Work instructions:
Copy every entry word for word, but skip the pictures.

Short descriptive text snippets:
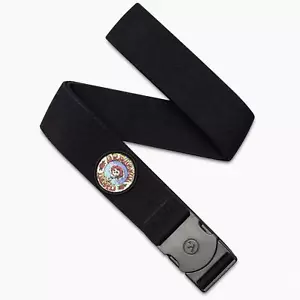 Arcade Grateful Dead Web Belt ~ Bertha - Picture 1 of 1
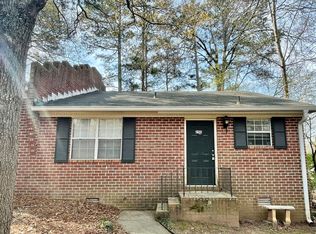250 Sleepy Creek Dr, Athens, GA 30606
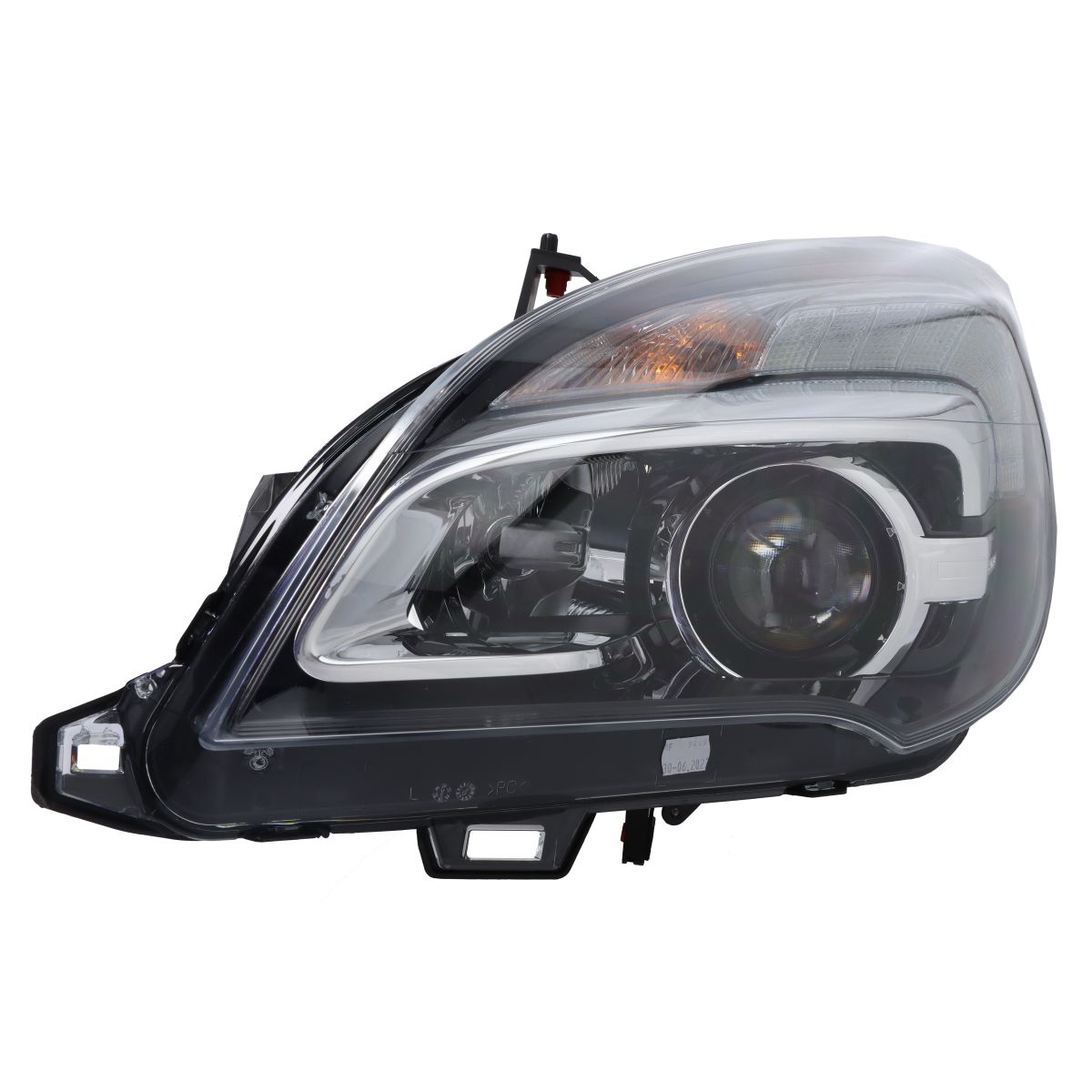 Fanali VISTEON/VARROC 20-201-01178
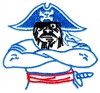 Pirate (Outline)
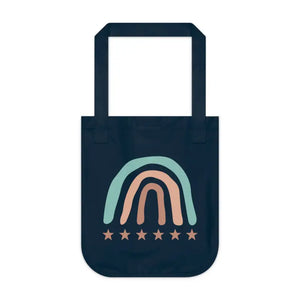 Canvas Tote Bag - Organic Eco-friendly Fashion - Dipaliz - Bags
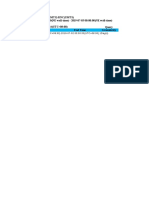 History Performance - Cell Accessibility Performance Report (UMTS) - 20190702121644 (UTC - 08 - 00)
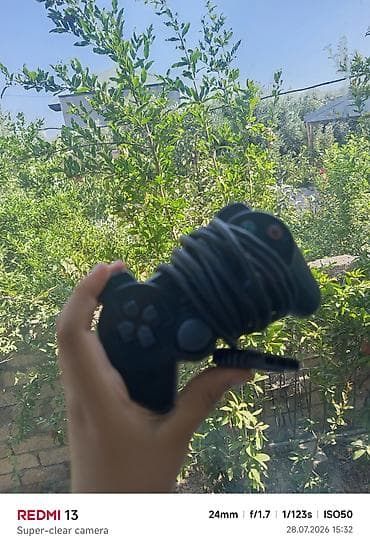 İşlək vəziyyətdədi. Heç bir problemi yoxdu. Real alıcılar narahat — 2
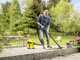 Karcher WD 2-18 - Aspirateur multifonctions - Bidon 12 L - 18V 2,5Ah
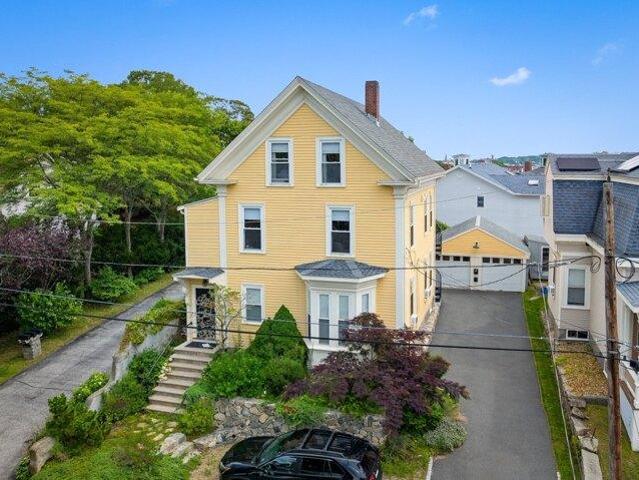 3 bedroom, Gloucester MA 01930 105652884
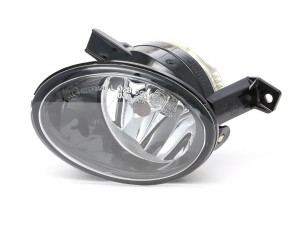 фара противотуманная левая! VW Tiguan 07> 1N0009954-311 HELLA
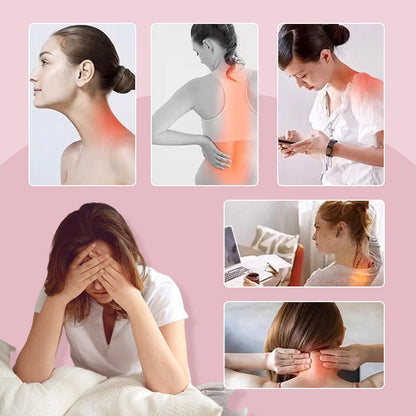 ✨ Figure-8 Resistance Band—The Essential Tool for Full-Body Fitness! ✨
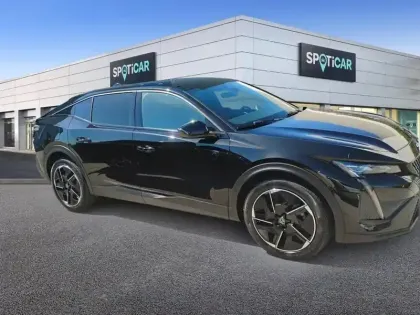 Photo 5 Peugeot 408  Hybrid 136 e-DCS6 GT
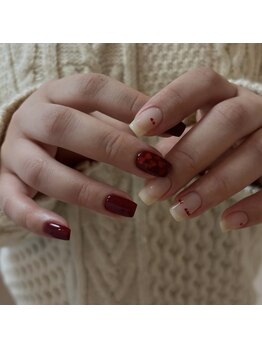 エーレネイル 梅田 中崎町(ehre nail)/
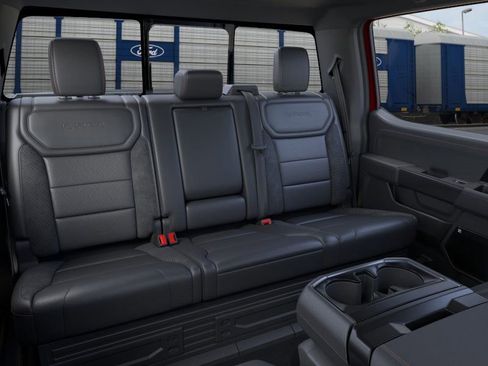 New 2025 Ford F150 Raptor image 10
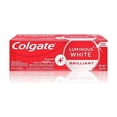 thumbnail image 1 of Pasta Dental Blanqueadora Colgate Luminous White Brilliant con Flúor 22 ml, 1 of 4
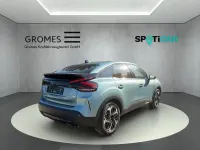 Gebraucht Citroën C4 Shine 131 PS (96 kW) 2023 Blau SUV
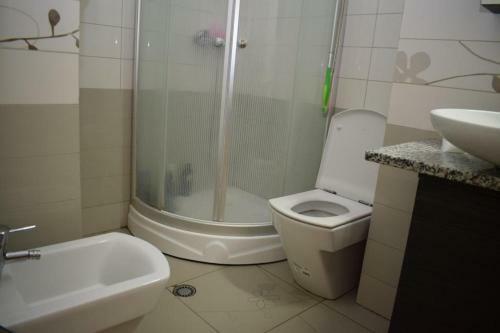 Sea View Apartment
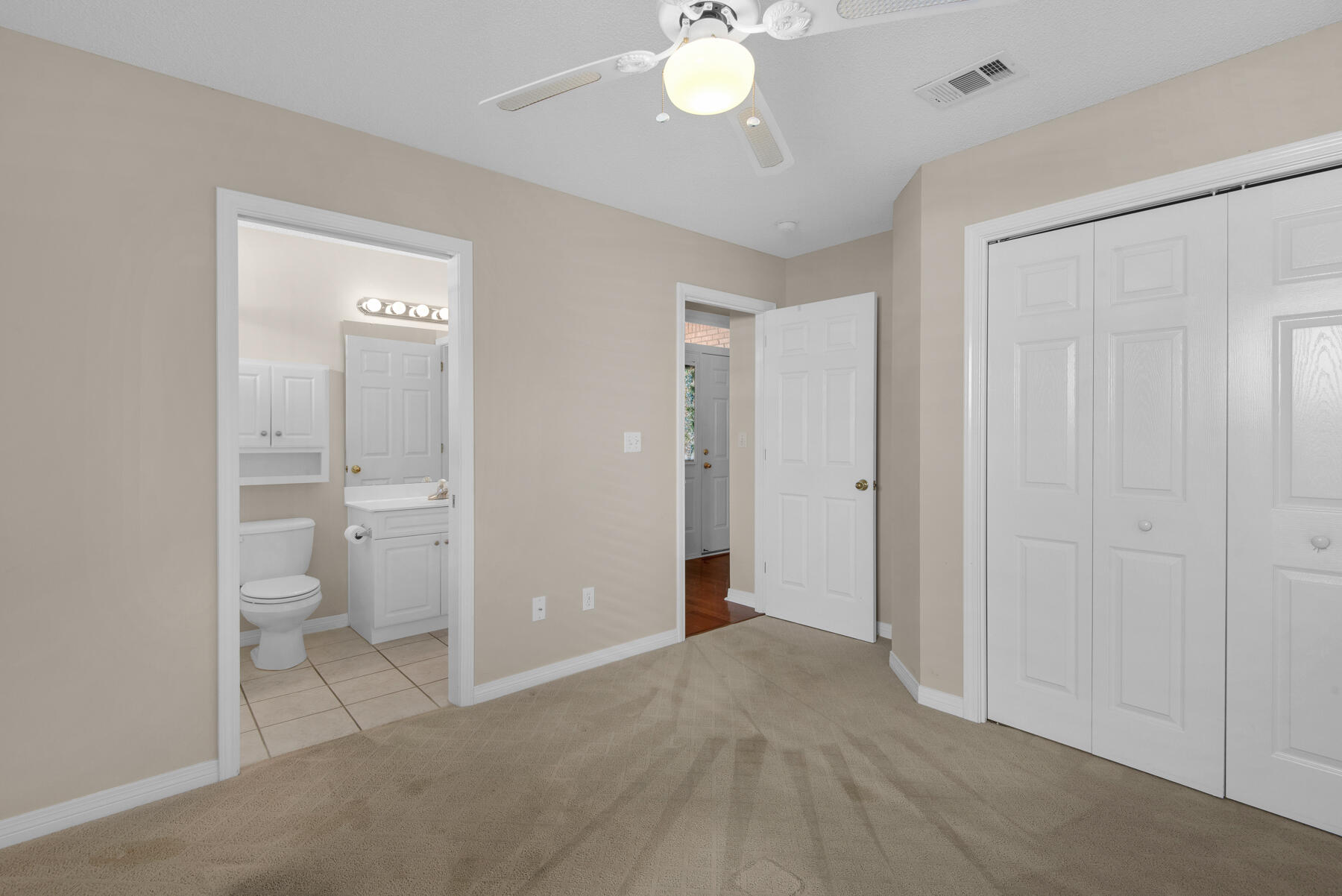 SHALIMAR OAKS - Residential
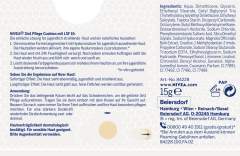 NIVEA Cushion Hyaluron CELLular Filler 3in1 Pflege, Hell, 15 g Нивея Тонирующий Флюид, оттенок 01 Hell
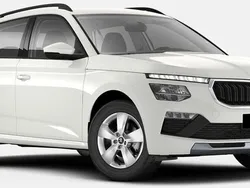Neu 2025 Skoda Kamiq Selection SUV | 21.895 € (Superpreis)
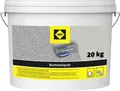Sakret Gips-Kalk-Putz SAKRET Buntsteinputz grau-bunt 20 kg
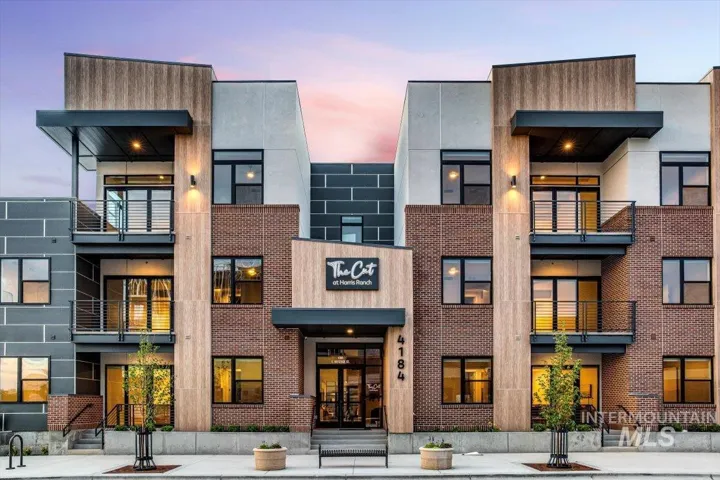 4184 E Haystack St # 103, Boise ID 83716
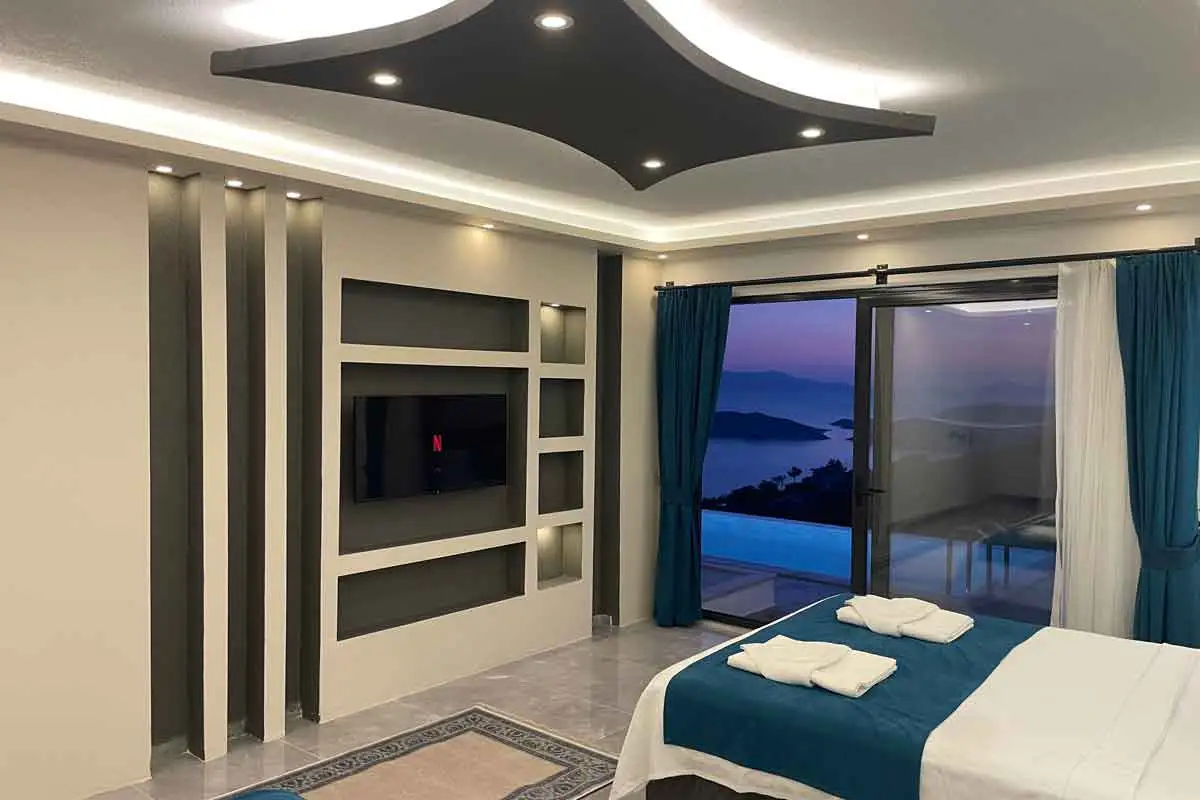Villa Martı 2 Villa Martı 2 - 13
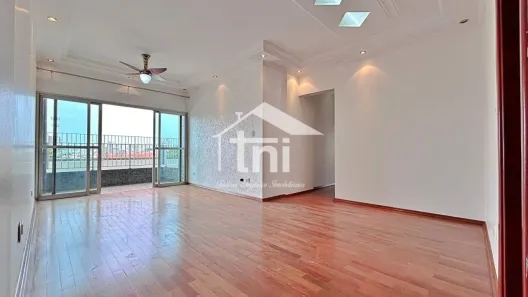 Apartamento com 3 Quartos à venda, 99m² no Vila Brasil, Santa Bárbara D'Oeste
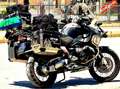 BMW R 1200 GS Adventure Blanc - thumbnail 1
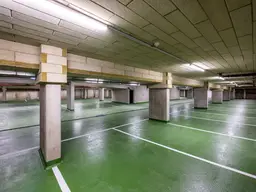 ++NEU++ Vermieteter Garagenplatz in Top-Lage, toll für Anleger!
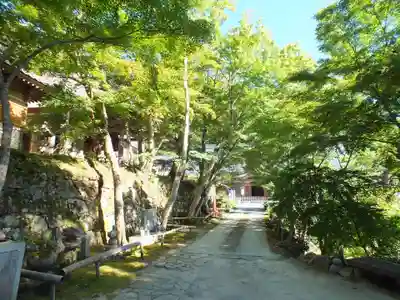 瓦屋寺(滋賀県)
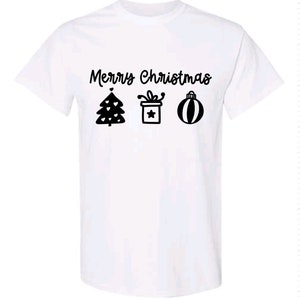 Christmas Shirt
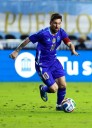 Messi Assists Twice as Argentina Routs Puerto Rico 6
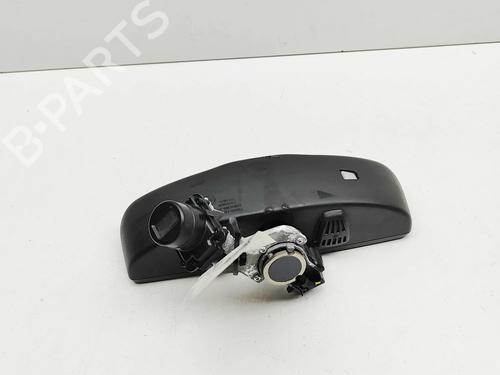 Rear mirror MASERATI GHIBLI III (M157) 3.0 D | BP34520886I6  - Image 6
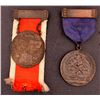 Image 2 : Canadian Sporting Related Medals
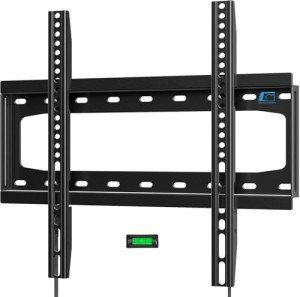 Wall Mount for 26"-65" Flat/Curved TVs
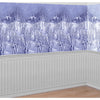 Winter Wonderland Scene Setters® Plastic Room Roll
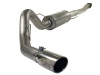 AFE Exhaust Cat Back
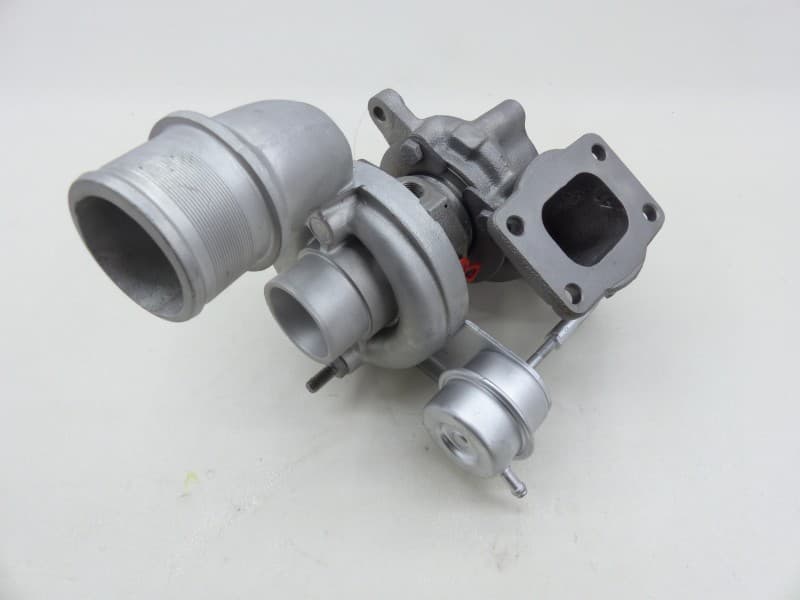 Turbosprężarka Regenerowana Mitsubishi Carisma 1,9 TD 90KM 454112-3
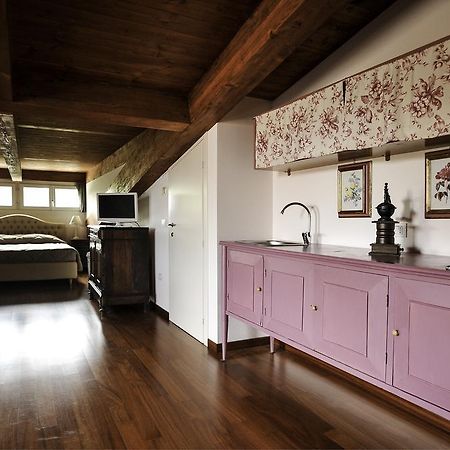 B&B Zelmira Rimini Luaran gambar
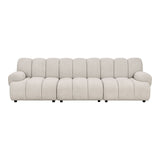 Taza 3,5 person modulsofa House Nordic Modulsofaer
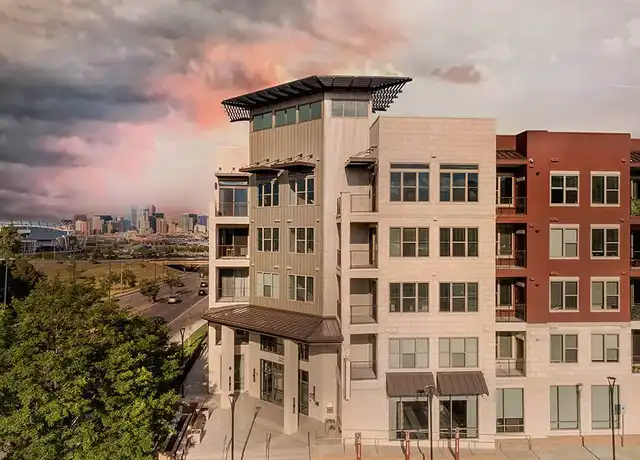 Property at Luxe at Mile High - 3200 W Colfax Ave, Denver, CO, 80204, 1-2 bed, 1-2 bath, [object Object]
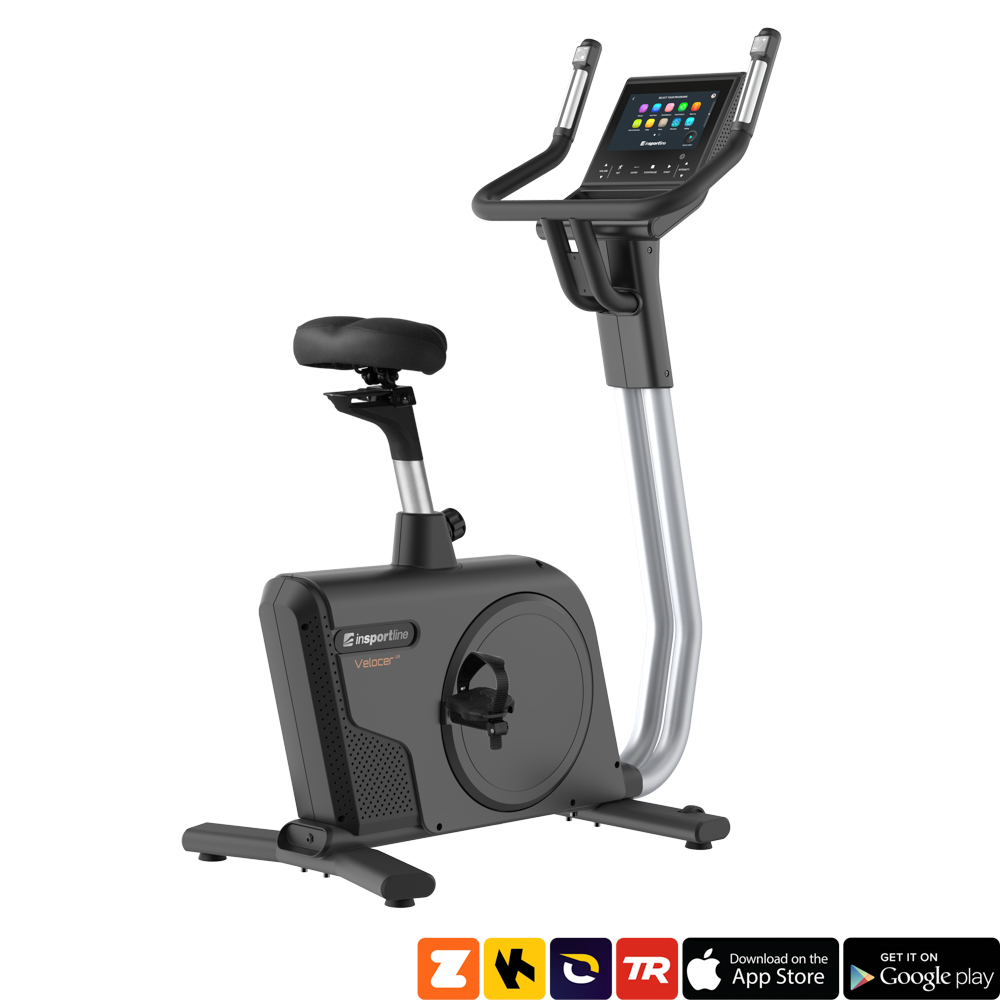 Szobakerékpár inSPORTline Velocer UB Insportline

Reply to the task:
 Arcade Grateful Dead Web Belt ~ Bertha - Picture 1 of 1
250 Sleepy Creek Dr, Athens, GA 30606
 Fanali VISTEON/VARROC 20-201-01178
 Pirate (Outline)
 Canvas Tote Bag - Organic Eco-friendly Fashion - Dipaliz - Bags
 History Performance - Cell Accessibility Performance Report (UMTS) - 20190702121644 (UTC - 08 - 00)
 İşlək vəziyyətdədi. Heç bir problemi yoxdu. Real alıcılar narahat — 2
 Karcher WD 2-18 - Aspirateur multifonctions - Bidon 12 L - 18V 2,5Ah
 3 bedroom, Gloucester MA 01930 105652884
 фара противотуманная левая! VW Tiguan 07> 1N0009954-311 HELLA
 ✨ Figure-8 Resistance Band—The Essential Tool for Full-Body Fitness! ✨
 Photo 5 Peugeot 408  Hybrid 136 e-DCS6 GT
 エーレネイル 梅田 中崎町(ehre nail)/
 New 2025 Ford F150 Raptor image 10
 thumbnail image 1 of Pasta Dental Blanqueadora Colgate Luminous White Brilliant con Flúor 22 ml, 1 of 4
 Gebraucht Citroën C4 Shine 131 PS (96 kW) 2023 Blau SUV
 Sea View Apartment
 SHALIMAR OAKS - Residential
 NIVEA Cushion Hyaluron CELLular Filler 3in1 Pflege, Hell, 15 g Нивея Тонирующий Флюид, оттенок 01 Hell
Neu 2025 Skoda Kamiq Selection SUV | 21.895 € (Superpreis)
Sakret Gips-Kalk-Putz SAKRET Buntsteinputz grau-bunt 20 kg
 4184 E Haystack St # 103, Boise ID 83716
Villa Martı 2 Villa Martı 2 - 13
 Apartamento com 3 Quartos à venda, 99m² no Vila Brasil, Santa Bárbara D'Oeste
 BMW R 1200 GS Adventure Blanc - thumbnail 1
 ++NEU++ Vermieteter Garagenplatz in Top-Lage, toll für Anleger!
 瓦屋寺(滋賀県)
 Christmas Shirt
 Messi Assists Twice as Argentina Routs Puerto Rico 6
 Rear mirror MASERATI GHIBLI III (M157) 3.0 D | BP34520886I6  - Image 6
 Image 2 : Canadian Sporting Related Medals
 Wall Mount for 26"-65" Flat/Curved TVs
 Winter Wonderland Scene Setters® Plastic Room Roll
 AFE Exhaust Cat Back
 Turbosprężarka Regenerowana Mitsubishi Carisma 1,9 TD 90KM 454112-3
 B&B Zelmira Rimini Luaran gambar
 Taza 3,5 person modulsofa House Nordic Modulsofaer
 Property at Luxe at Mile High - 3200 W Colfax Ave, Denver, CO, 80204, 1-2 bed, 1-2 bath, [object Object]
 Szobakerékpár inSPORTline Velocer UB Insportline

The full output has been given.